Start of Block
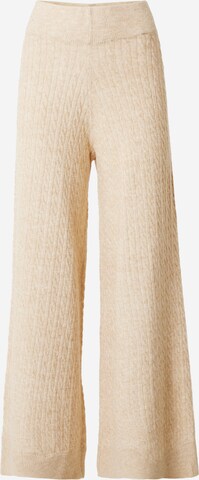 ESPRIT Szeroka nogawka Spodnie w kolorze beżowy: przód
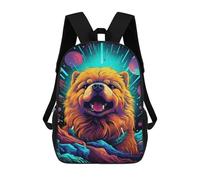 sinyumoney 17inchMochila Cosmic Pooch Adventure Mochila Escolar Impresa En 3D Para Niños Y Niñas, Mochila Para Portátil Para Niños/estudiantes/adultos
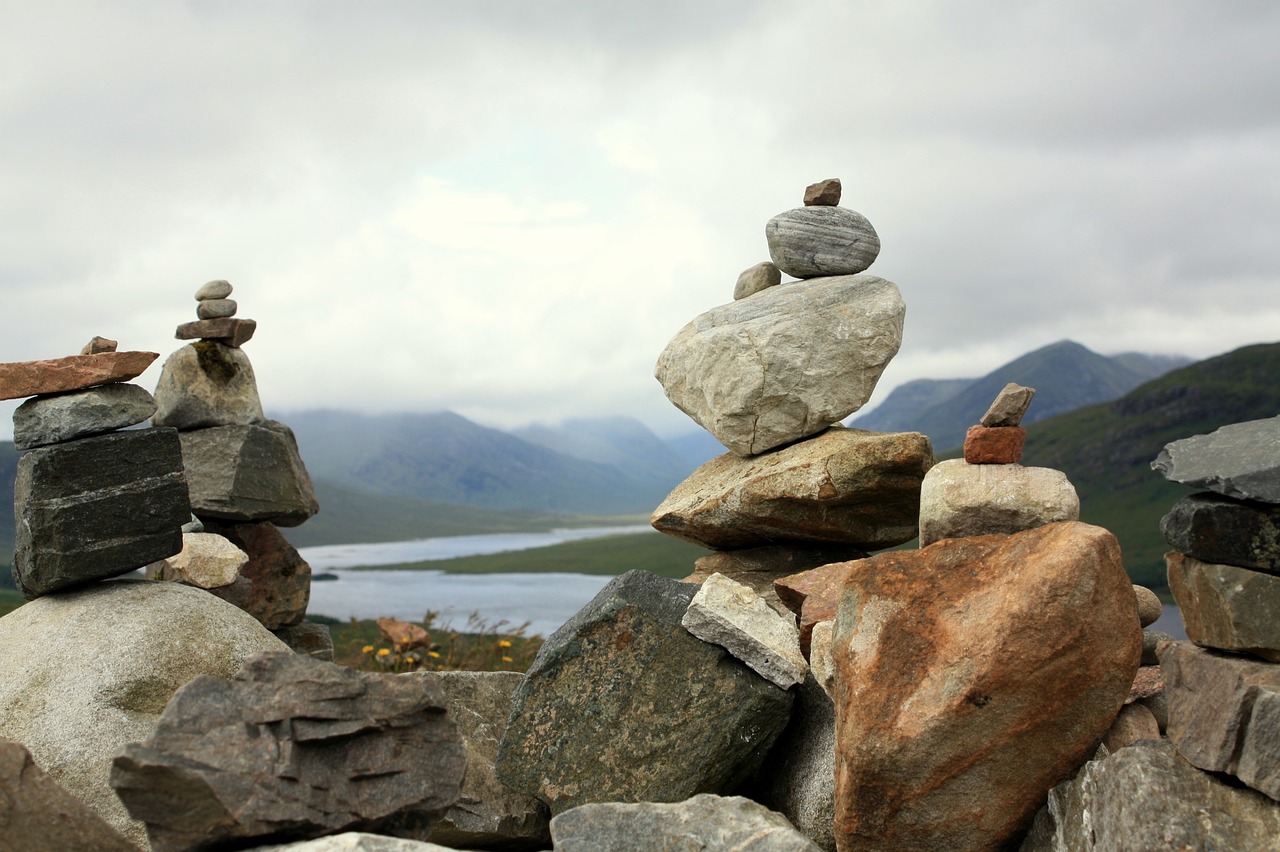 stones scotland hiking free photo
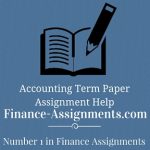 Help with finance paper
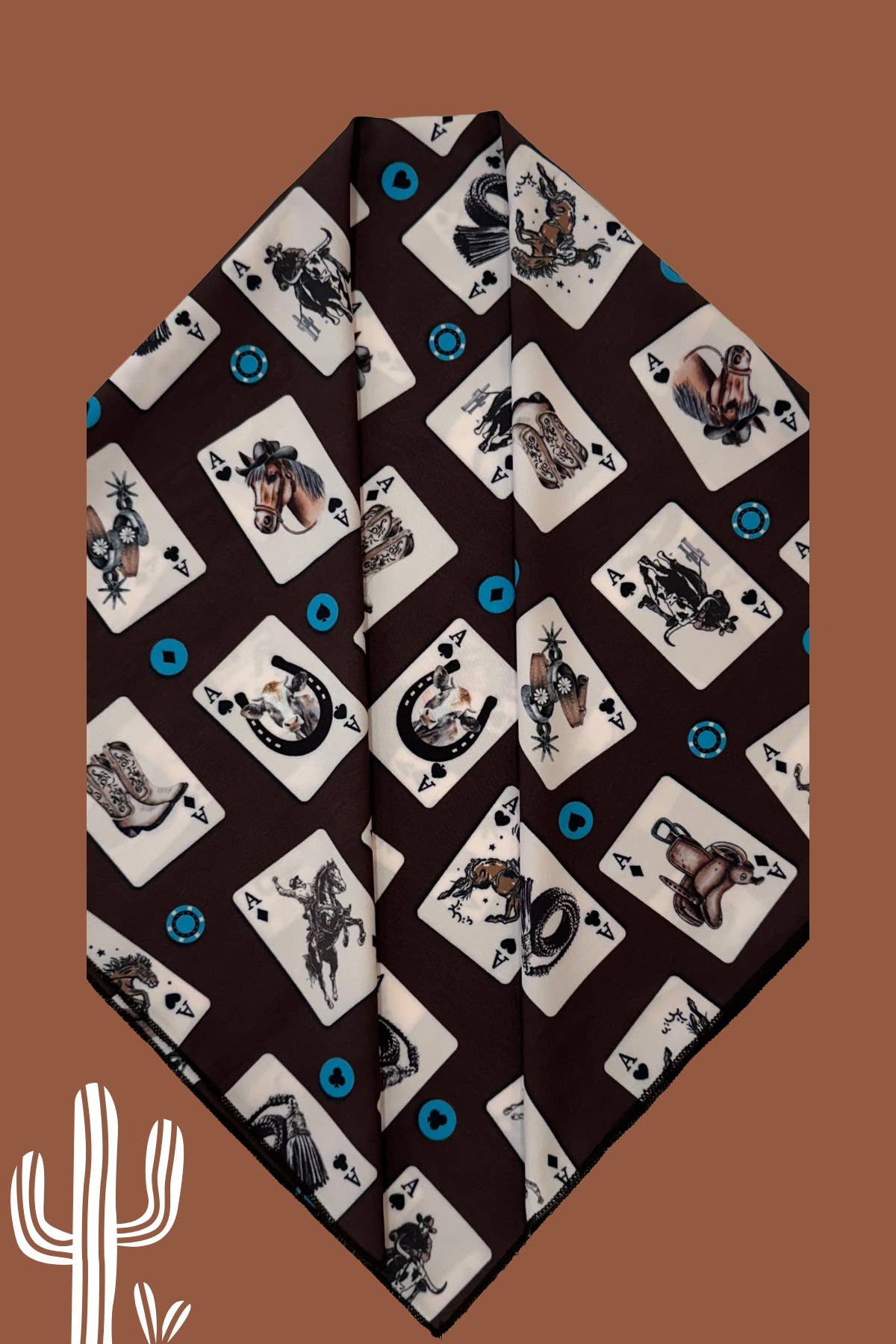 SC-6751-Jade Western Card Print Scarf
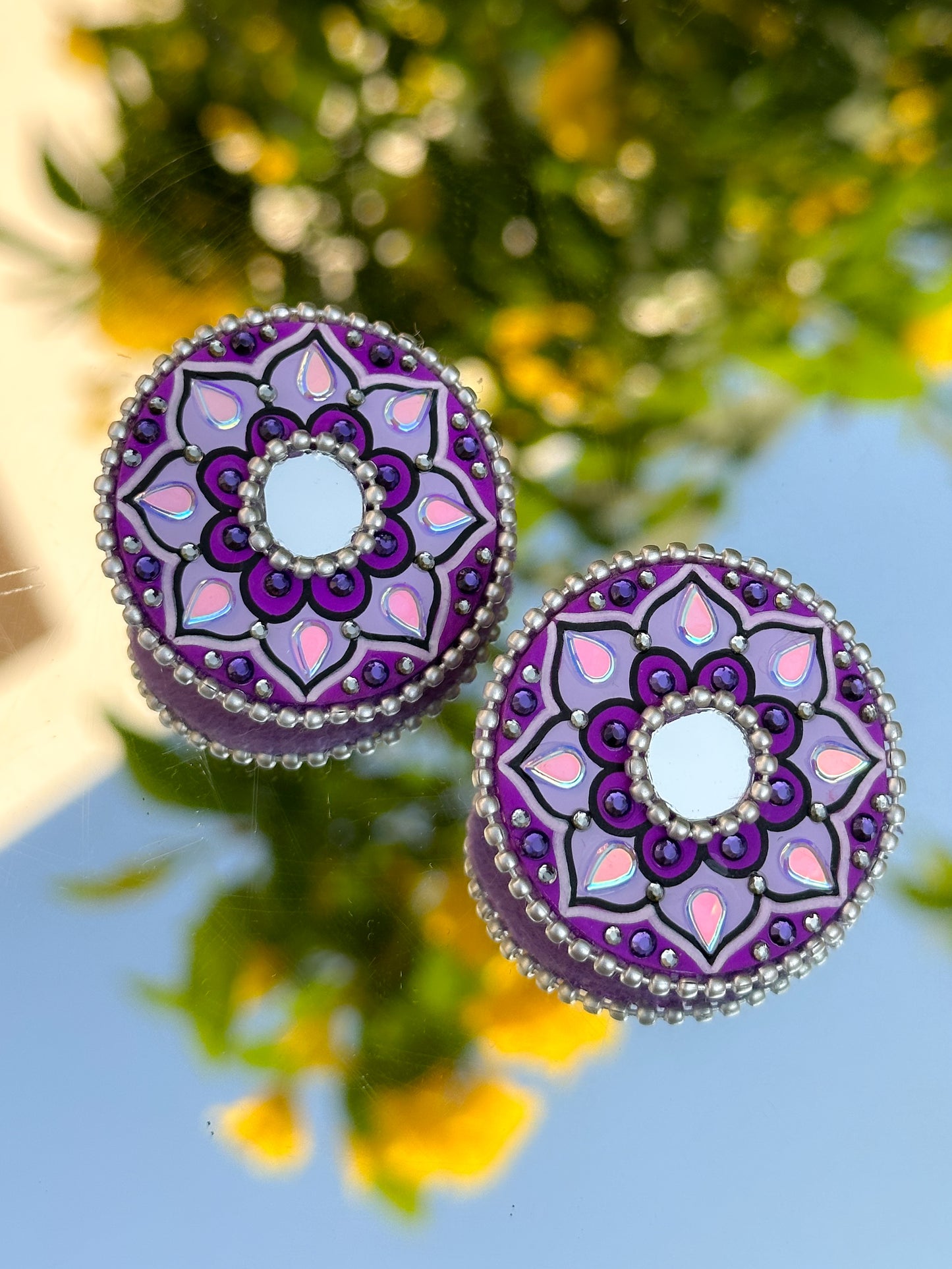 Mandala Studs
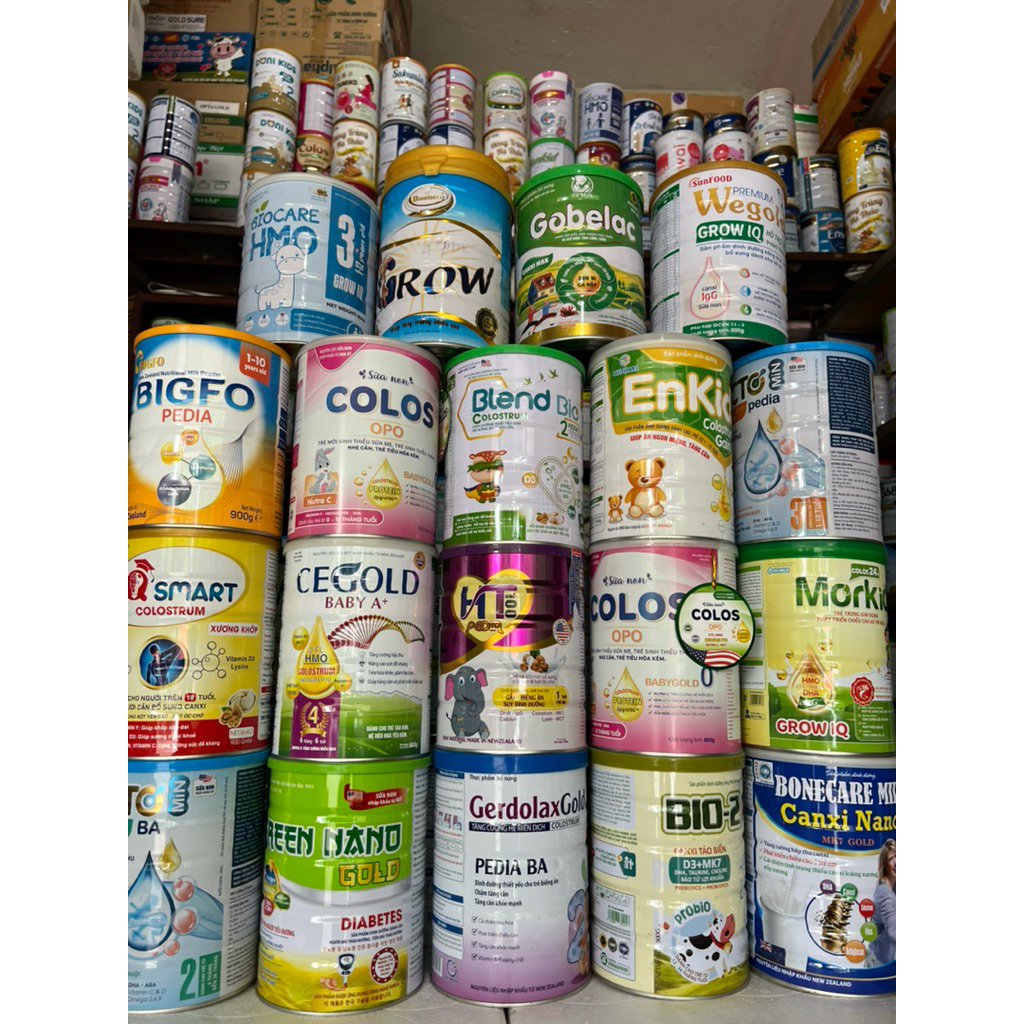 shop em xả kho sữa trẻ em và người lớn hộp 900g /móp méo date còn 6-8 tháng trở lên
End of Block
All preceding records should be duplicated verbatim, images excepted.

*Written answer*
 ESPRIT Szeroka nogawka Spodnie w kolorze beżowy: przód
 sinyumoney 17inchMochila Cosmic Pooch Adventure Mochila Escolar Impresa En 3D Para Niños Y Niñas, Mochila Para Portátil Para Niños/estudiantes/adultos
 stones scotland hiking free photo
 Help with finance paper
 SC-6751-Jade Western Card Print Scarf
 Mandala Studs
 shop em xả kho sữa trẻ em và người lớn hộp 900g /móp méo date còn 6-8 tháng trở lên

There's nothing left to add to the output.